Tiny capsules deliver drugs

Jan 12, 2009
Pictured are micrographs of microcapsule syringes. a) Blue laser light shows lithographic microcapsule shell in green. Hole in the encapsulation can be seen as discontinuous circle. b) Green laser light shows the red dye loaded into the microcapsule. c) Differential Interference Contrast microscope image of microcapsule. d) Overlay of a) and b) showing image of filled capsule. Credit: Darrell Velegol, Penn State

A tiny particle syringe composed of polymer layers and nanoparticles may provide drug delivery that targets diseased cells without harming the rest of the body, according to a team of chemical engineers. This delivery system could be robust and flexible enough to deliver a variety of substances.

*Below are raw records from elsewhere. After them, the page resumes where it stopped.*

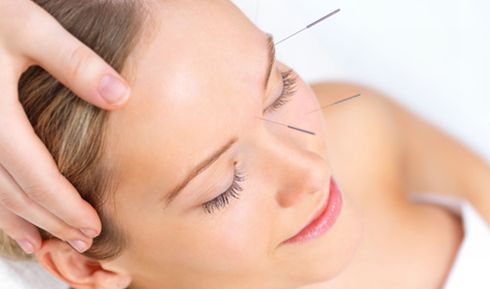 http://4.bp.blogspot.com/-nfUa41Nqyok/UWSGfz4nyGI/AAAAAAAAAOQ/ZxCN0NBuV48/s1600/Benefi%CC%81cios-da-Acupuntura-para-a-Este%CC%81tica.jpg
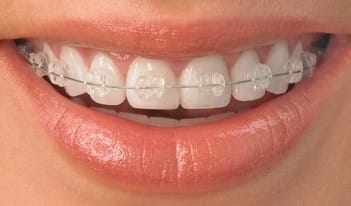 clear braces for kids and adults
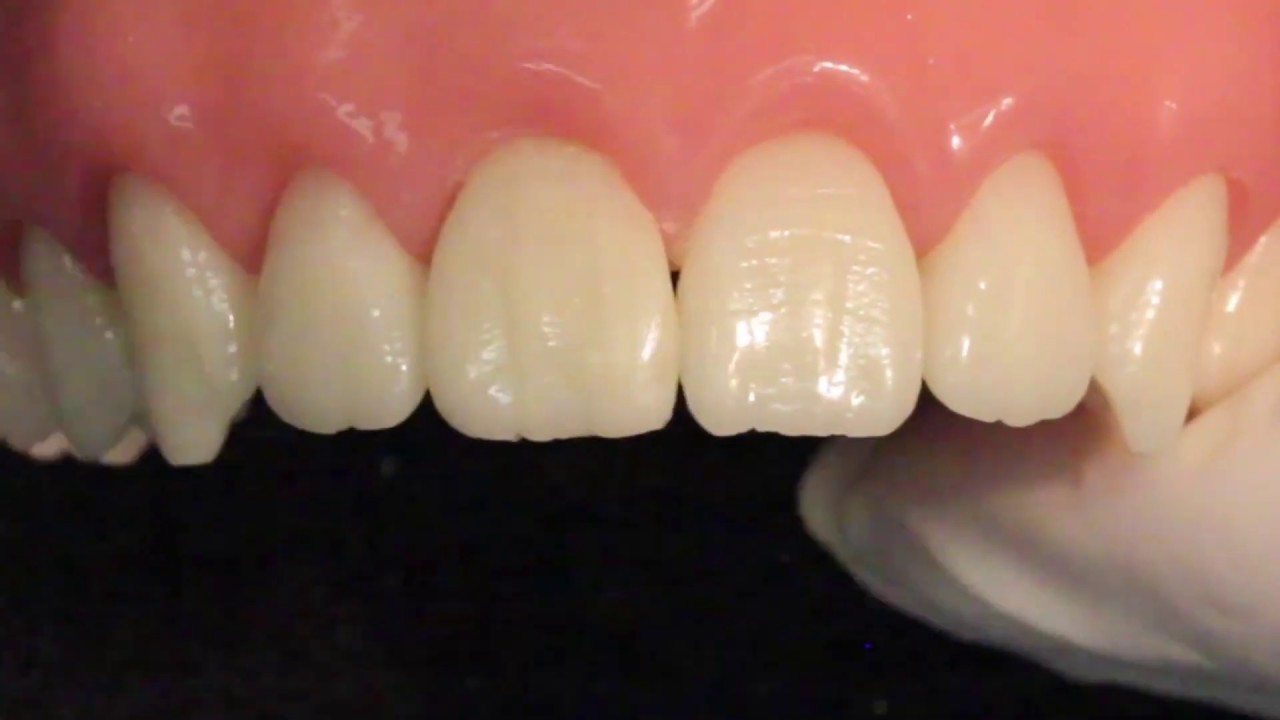 Técnica Simplificada de fechamento de diastemas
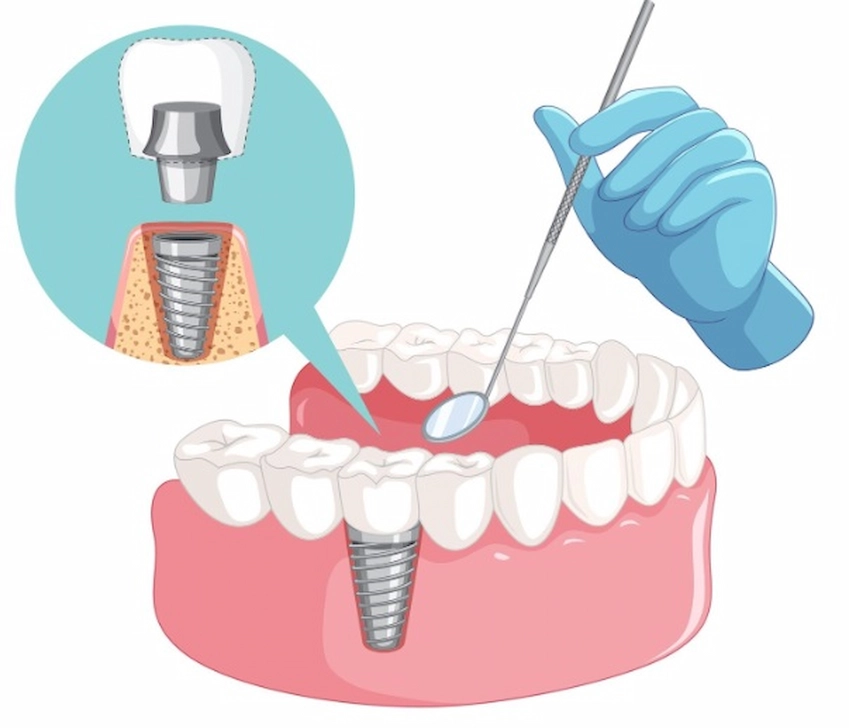 procedura di impianto dentale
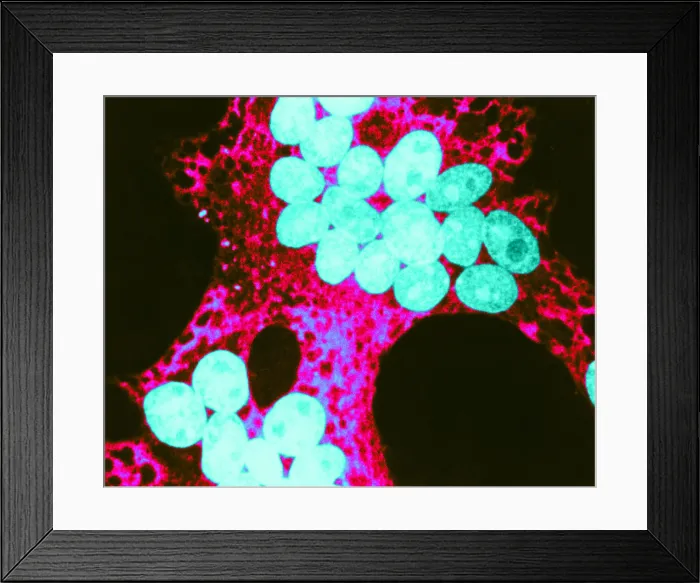 Framed Print : MeV, Measles Virus, TEM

"People probably fear the effects of some treatments more than they fear the disease they treat," says Huda A. Jerri, graduate student, chemical engineering. "The drugs are poison. Treatment is a matter of dosage so that it kills the cancer and not the patient. Targeted treatment becomes very important."

Newer approaches to drug delivery include particles that find specific cells, latch on and release their drugs. Another approach allows the cells to engulf the particles, taking them into the cell and releasing the drug. However, the requirements for these delivery systems are complicated and challenging to implement.

The Penn State researchers' approach produces a more universal delivery system, a tiny spherical container averaging less than 5 microns or the diameter of the smallest pollen grains.

The spheres are formed around solid microparticles that are either the drug to be delivered or a substance that can be removed later leaving a hollow sphere for liquid drugs. They reported their results online in Soft Matter.

Alternating positive and negative layers of material form the microcapsules. The capsules are created while attached to a flat surface so the section of the sphere touching the surface is not coated, leaving about 5 percent of the surface as an escape area for the drugs. The microcapsule, excluding the exit hole, is then covered in a slippery, non-stick barrier coating.

"These are not the first microcapsules for drug delivery developed, but a previous attempt had surfaces that stuck together and clumped," says Velegol. "We also designed the tiny hole in the sphere for controlled delivery and that is a new development."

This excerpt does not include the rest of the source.